## [Problem description]
Each line below from the line with "xi-Imagesx xPoolx IIM-26645-0150" to the line with "MONGE GRILL- DOG" must be copied exactly, including those two, and no picture may appear in the copy.

(Source data)

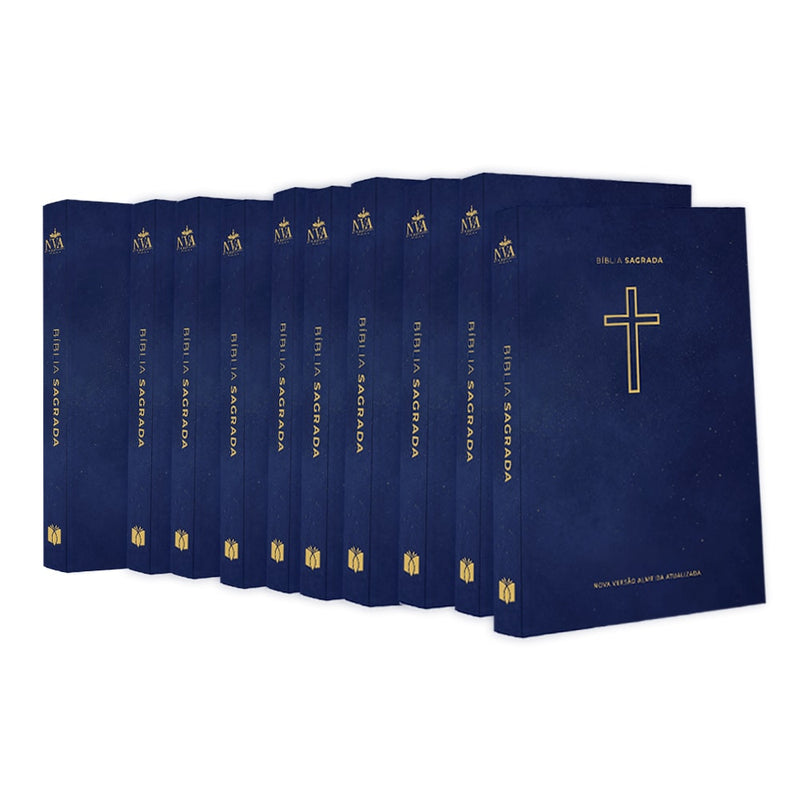 Kit 10 Bíblias Sagrada Salvos Pela Graça | NVA | Capa Brochura Azul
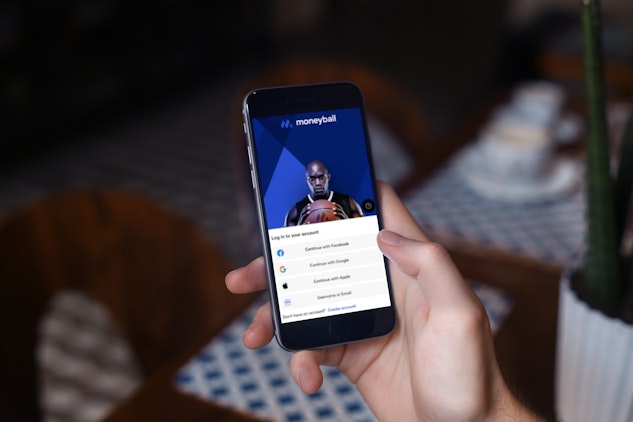 Man signing up for a Moneyball betting account on mobile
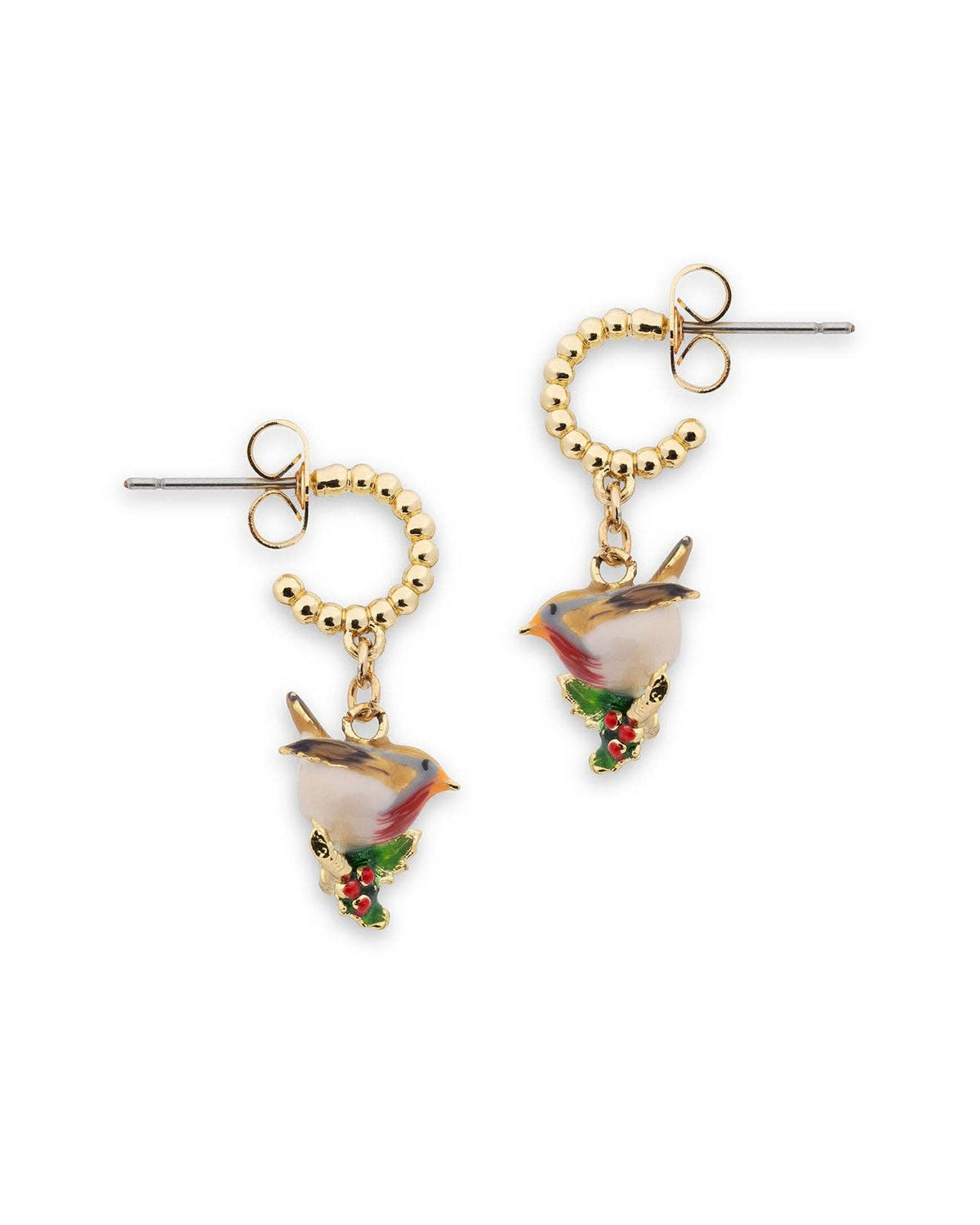 Bill Skinner Robin & Holly Beaded Hoop Earring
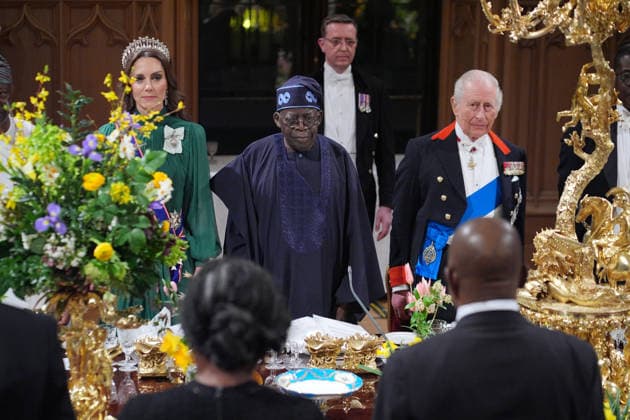 . 18 03 2026. Windsor , United Kingdom. King Charles III ,Queen Camilla, Prince William and Kate Middleton, the Prince and Princess of Wales, with President of Nigeria Bola Ahmed Tinubu and First Lady Oluremi Tinubu at a State Banquet at Windsor Castle, on the first day of their state visit to the UK.  xi-Imagesx xPoolx IIM-26645-0150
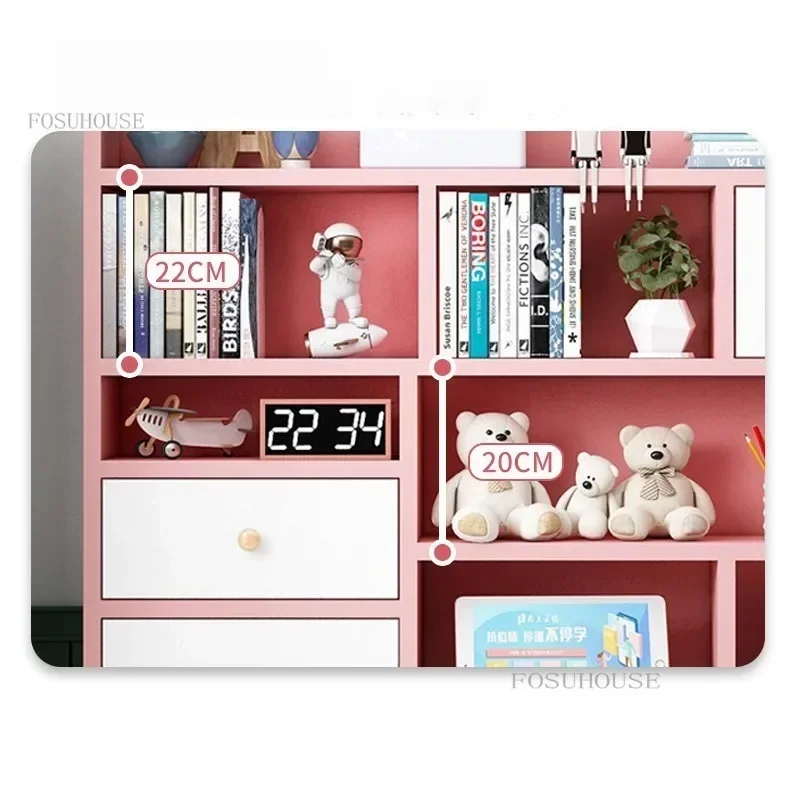 Simple Children's Table with Bookshelf Household Lifting Desk Primary School Student Bedroom Writing Study Table and Chair Set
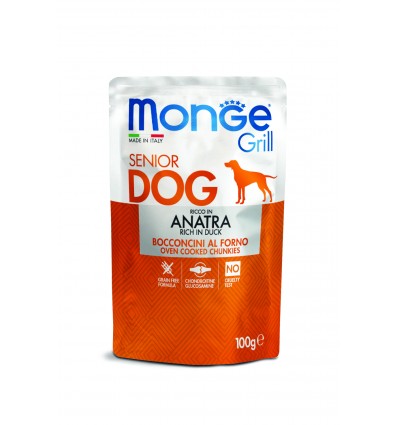 MONGE GRILL- DOG POUCHES SENIOR WITH DUCK 100G FOR DOGS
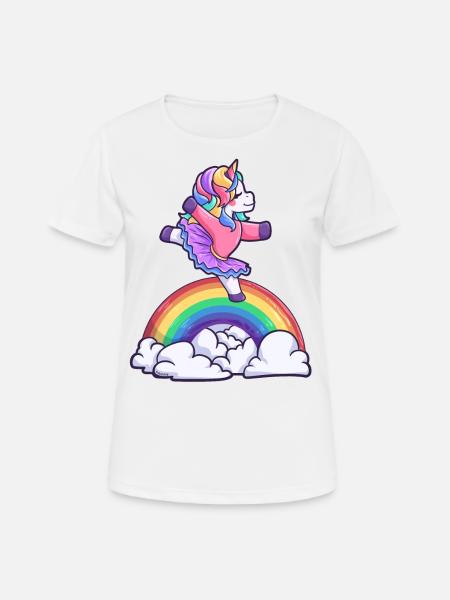 Ballerine licorne fille danse licorne - T-shirt respirant Femme - blanc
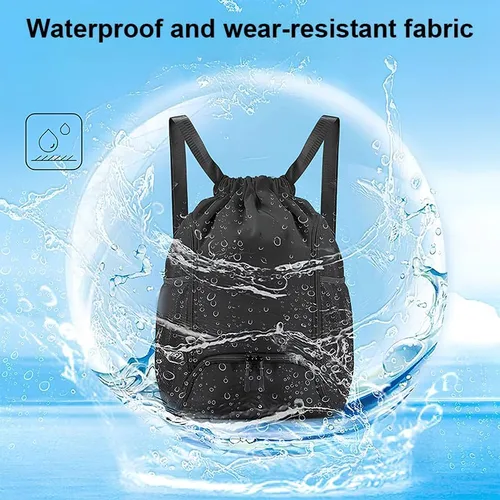 Miniatura 8 de Mochila deportiva con cordón, bolsa de gimnasio impermeable para mujeres y hombres, paquete de baloncesto con compartimento para zapatos, Negro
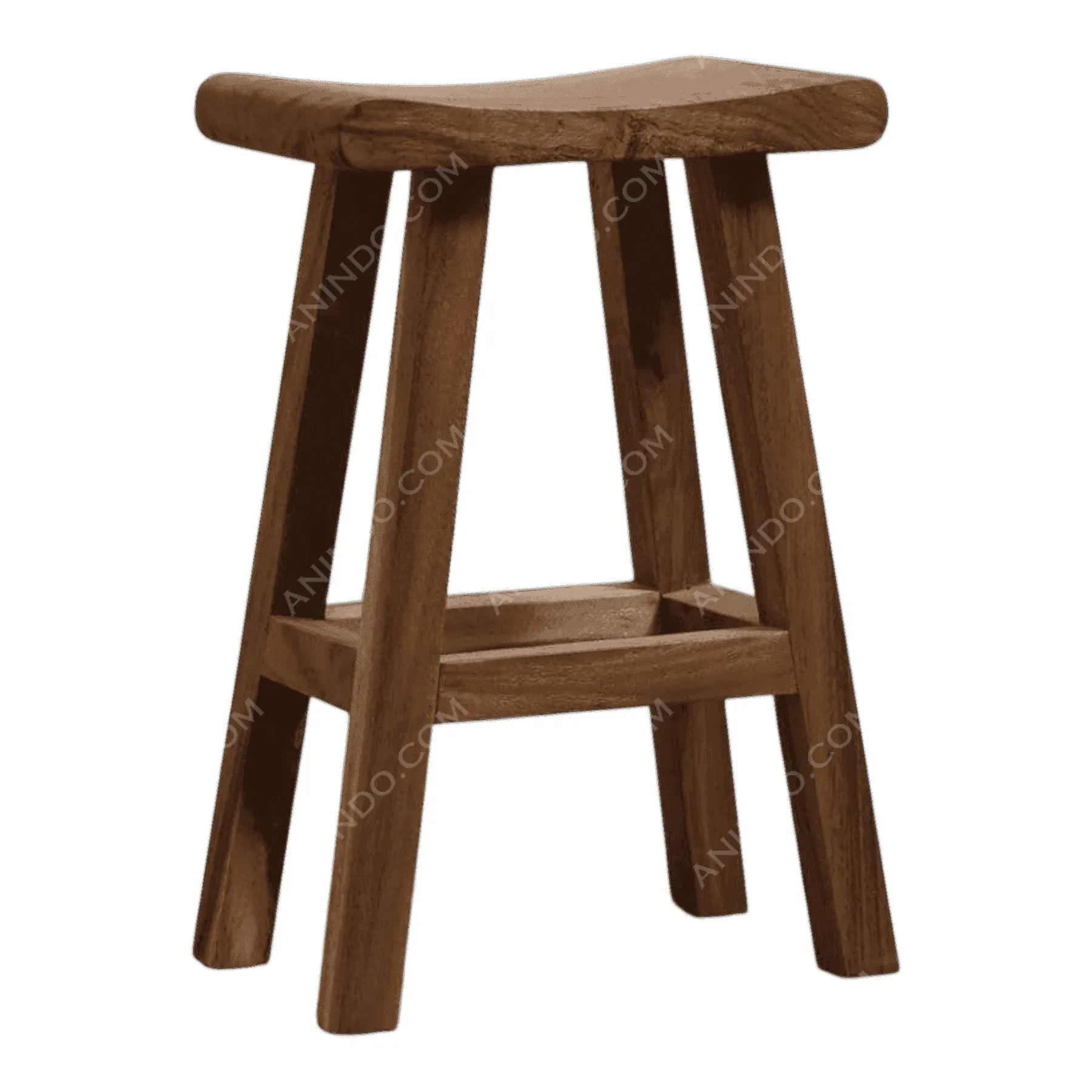 Wooden bar stool with curved seat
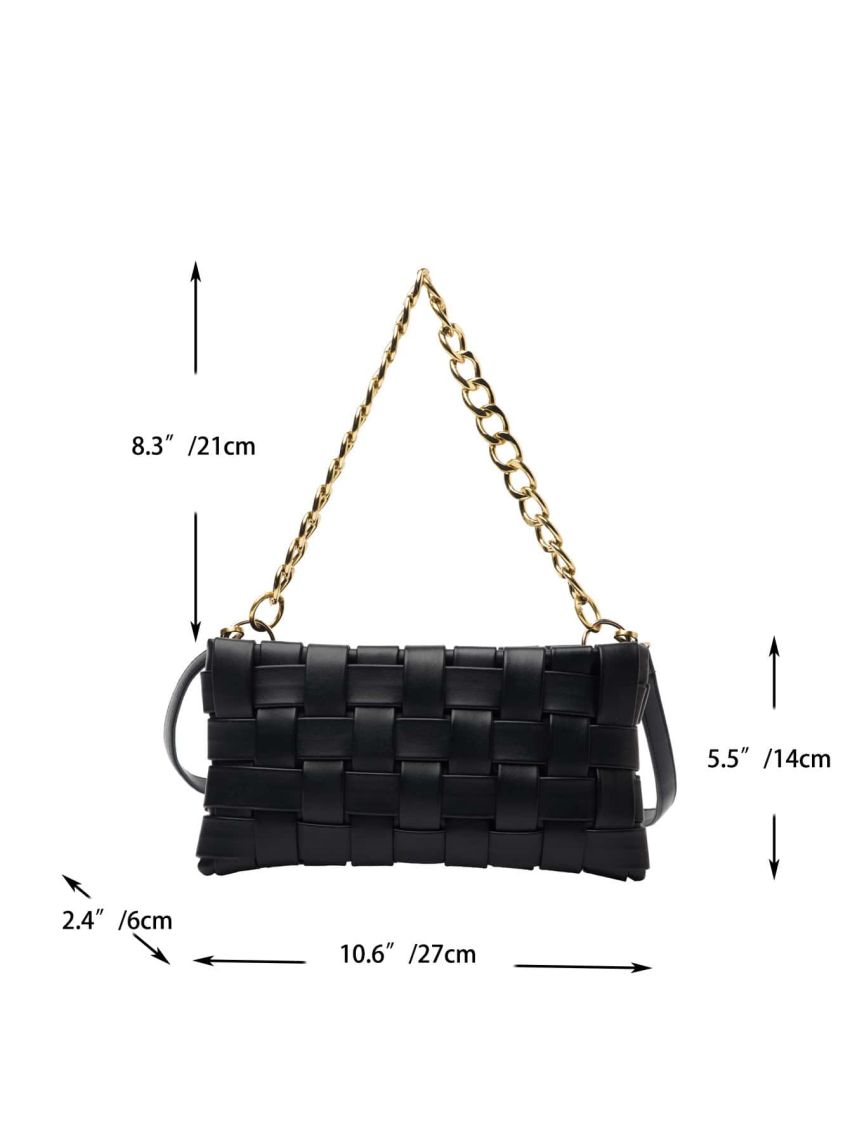 Braided Detail Chain Square Bag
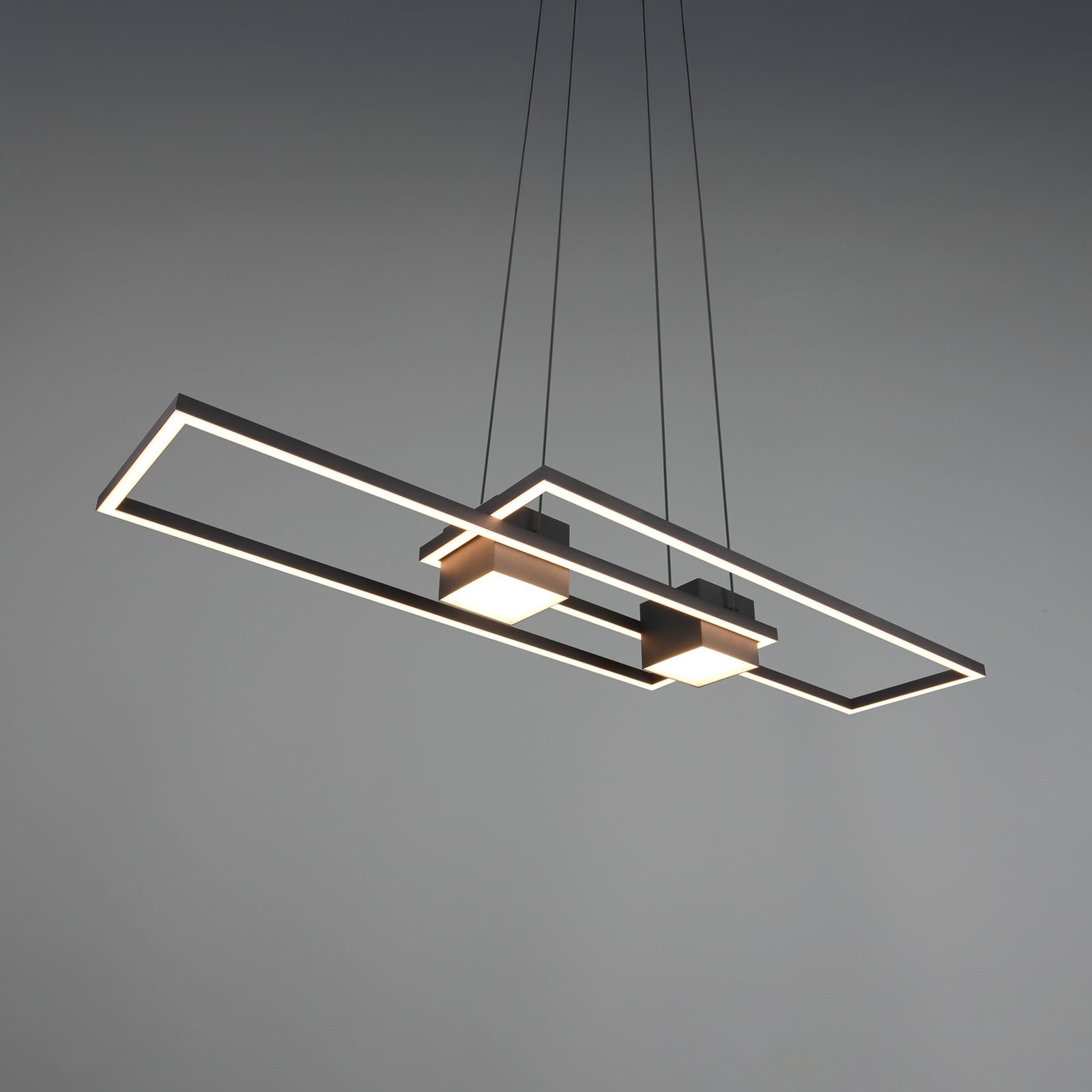 LED pendellampe Albany svart matt 100x28 cm detalj av fjernkontroll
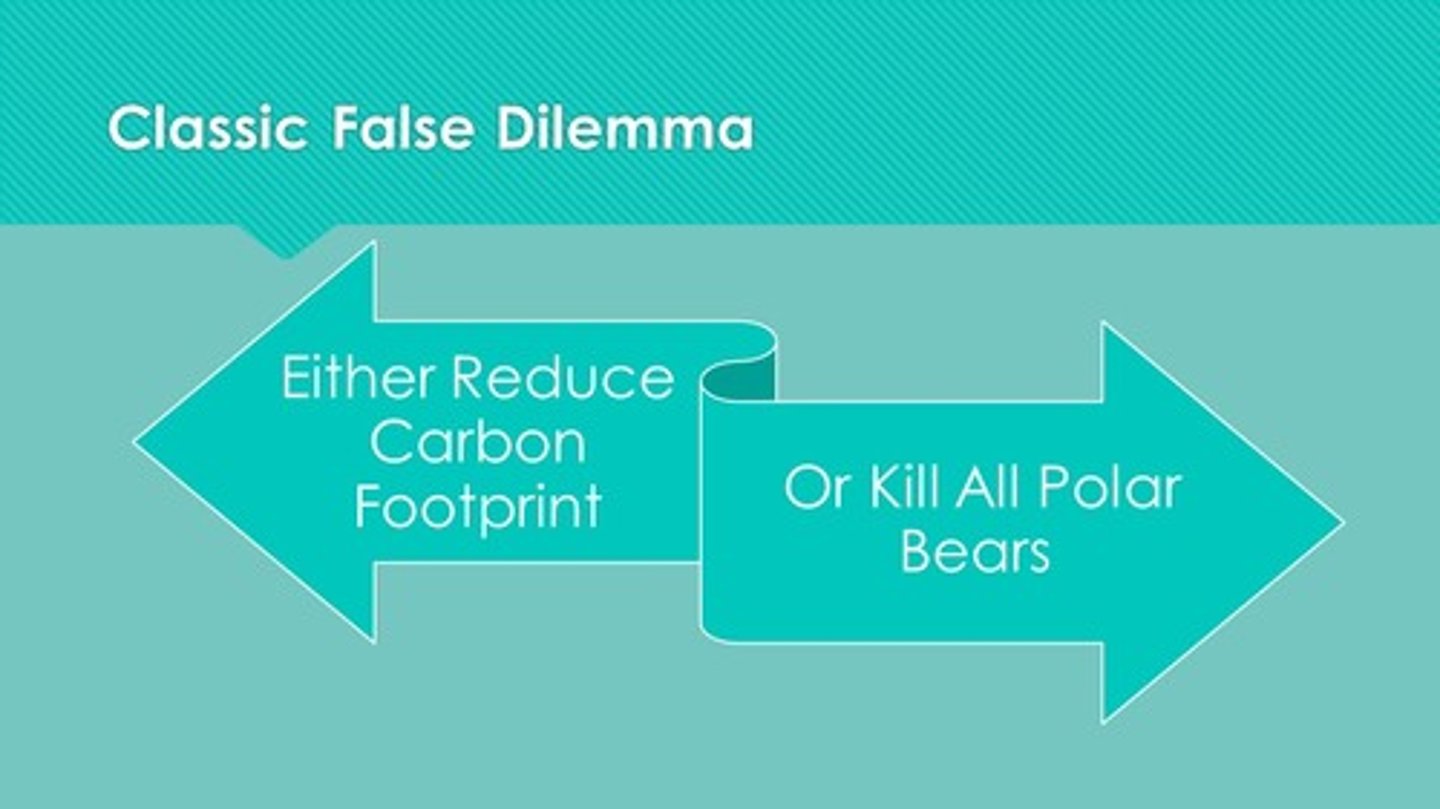 <p>a fallacy of logical argument which limits alternatives and choices</p>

(End Source data)

## [Task response]
 . 18 03 2026. Windsor , United Kingdom. King Charles III ,Queen Camilla, Prince William and Kate Middleton, the Prince and Princess of Wales, with President of Nigeria Bola Ahmed Tinubu and First Lady Oluremi Tinubu at a State Banquet at Windsor Castle, on the first day of their state visit to the UK.  xi-Imagesx xPoolx IIM-26645-0150
 Simple Children's Table with Bookshelf Household Lifting Desk Primary School Student Bedroom Writing Study Table and Chair Set
 MONGE GRILL- DOG POUCHES SENIOR WITH DUCK 100G FOR DOGS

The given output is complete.